The used OC dosimeter was based on the simple holographic interferometer design outlined in Figure 2. A detailed description of this interferometer is given in [7,8], but a summary is provided here. A coherent HeNe laser is split into an object and reference beam, with the object beam probing a test cell containing a volume of water while the reference beam only passes through air. The radiation beam to be measured impinges on the test cell orthogonal to the plane of the OC system and deposits energy into the test cell along its beam path, thereby causing a temperature change that results in refractive index changes. The refractive index changes of the water within the test cell results in the object beam traversing a longer Optical Path Length (OPL), thus causing relative phase changes between the object and reference beams when recombined at the detector. This phase difference causes an interference pattern, called an optical interferogram, that is captured by the CMOS detector. Analogous to standard holographic interferometry techniques in which the image is viewed via illumination, these interferograms can be digitally “re-illuminated” [3] by the reference wave, creating a digital image of the object wave or a digital hologram. This reconstructs the phase and amplitude information of the object wave. For interferograms produced by holographic interferometry, the Fresnel transform is used to calculate the phase difference between the object and reference waves from reconstructed fringe patterns.
As the water is irradiated with a beam of radiation, OC captures interferograms at multiple states of the volume of water. A DHI algorithm is used to extract the relative difference in phase change between images of both the irradiated and un-irradiated states. This produces a 2D map of the integrated phase change between the two states. The 2D map of the phase change is then related to the change in optical path length, refractive index and temperature, from which the integrated absorbed dose can be determined. This process is illustrated in Figure 3, and full details of this conversion process can be found in [7,8]. The result is a 2D map of the dose integrated across the width of the test cell [8], completing Step 3 of Figure 1.

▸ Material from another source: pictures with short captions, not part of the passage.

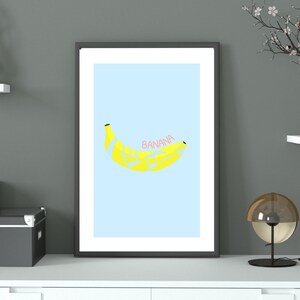 May include: A framed print of a yellow banana on a light blue background with the word "banana" written in pink letters.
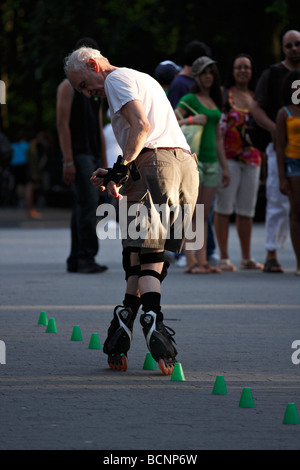 Mature Senior Man Rollerblading backwards whilst maneuvering his feet in between a line of green cones placed on the ground. Stock Photo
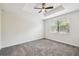 This carpeted bedroom has a tray ceiling, ceiling fan and a window with blinds at 1209 Payne Stewart Dr, Davenport, FL 33896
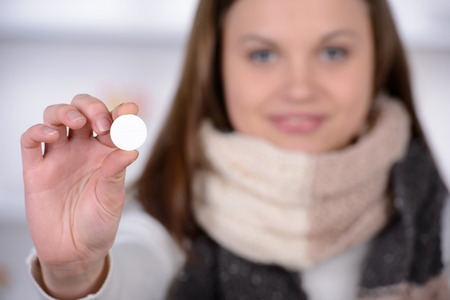 Woman taking aspirin. Young woman holding pill upon glass with water and expressing negativity while...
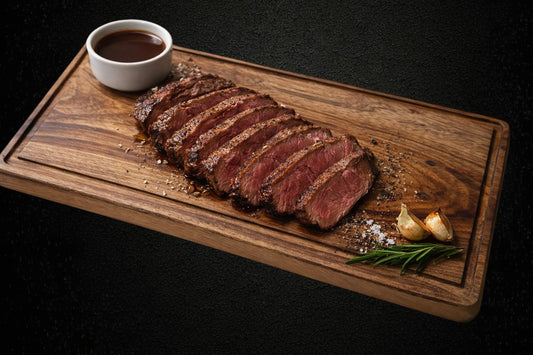 Valley of Craftsmen handmade wooden steak board with juice groove, featuring sliced steak, sauce, and herbs.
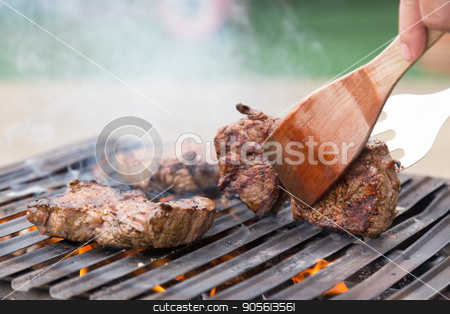 To use this stock image in your creative project, please select the size you need over to the right and click the "Add to Cart" button.
Your downloaded image will come with the Cutcaster watermark removed so don’t worry about the watermark you see on this page. Chef grilling beef steaks on open flame BBQ. stock photo, Chef grilling a beef steak on open flame BBQ. by kasto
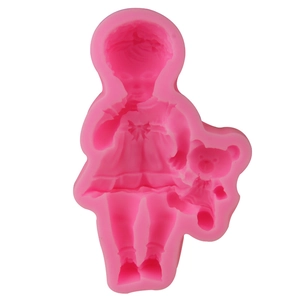 Detailed pink silicone mold featuring a standing girl holding a teddy bear for fondant
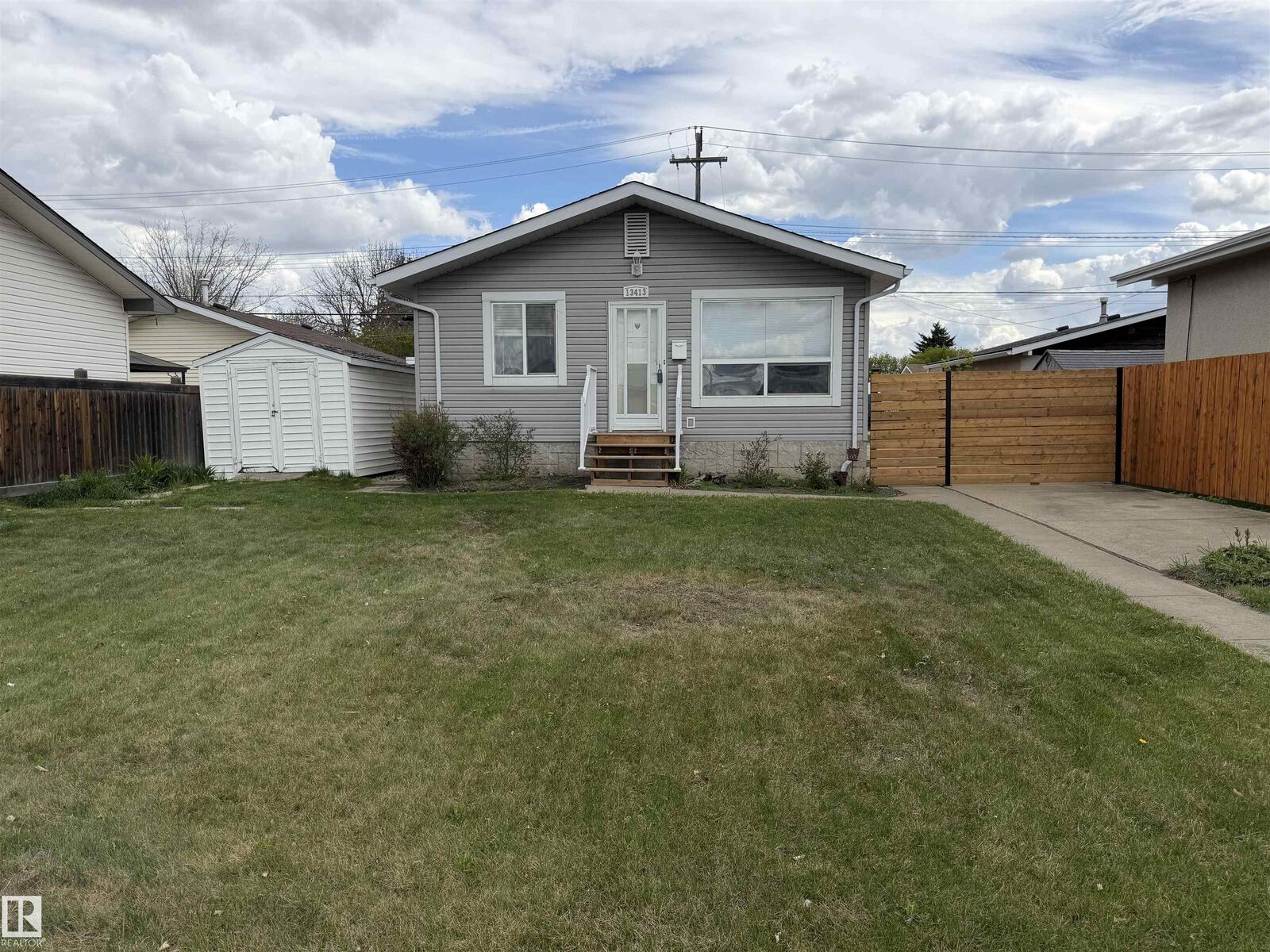 Property Photo:  13413 59 Street NW  AB T5A 0S1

The measurement of the 3D dose distribution within the test cell of the DHI-based OC dosimeter was simulated with FRED (Photon Engineering, Tucson, AZ, USA) [28], the simulated measurement side of Step 2 within Figure 1. FRED is a commercially available optical engineering software utilizing complex ray tracing to model optical systems. In complex ray tracing, free space propagation is modelled using conventional electromagnetic field equations. The electromagnetic field distribution is converted into a basis set of small Gaussian beamlets. These beamlets are then considered rays at any optical interface. The FLASH proton beam 3D dose distributions were exported to FRED as a cube of 1 mm voxels of varying refractive indexes, with the change in the refractive index distribution proportional to the distribution of the dose. The virtual dosimeter model was used to ray-trace the object beam through each individual voxel of the water volume, calculating the integrated phase change of the object beam as it passed through the dose distribution and producing the virtual optical interferograms. The same DHI reconstruction to determine phase change and calculated dose was performed, generating the virtual 2D map of the integrated dose. The method described above can measure a 50 milliradian phase shift, corresponding to a typical daily treatment dose of 2 Gy, with a type A, k = 1 uncertainty of 5.6% [10].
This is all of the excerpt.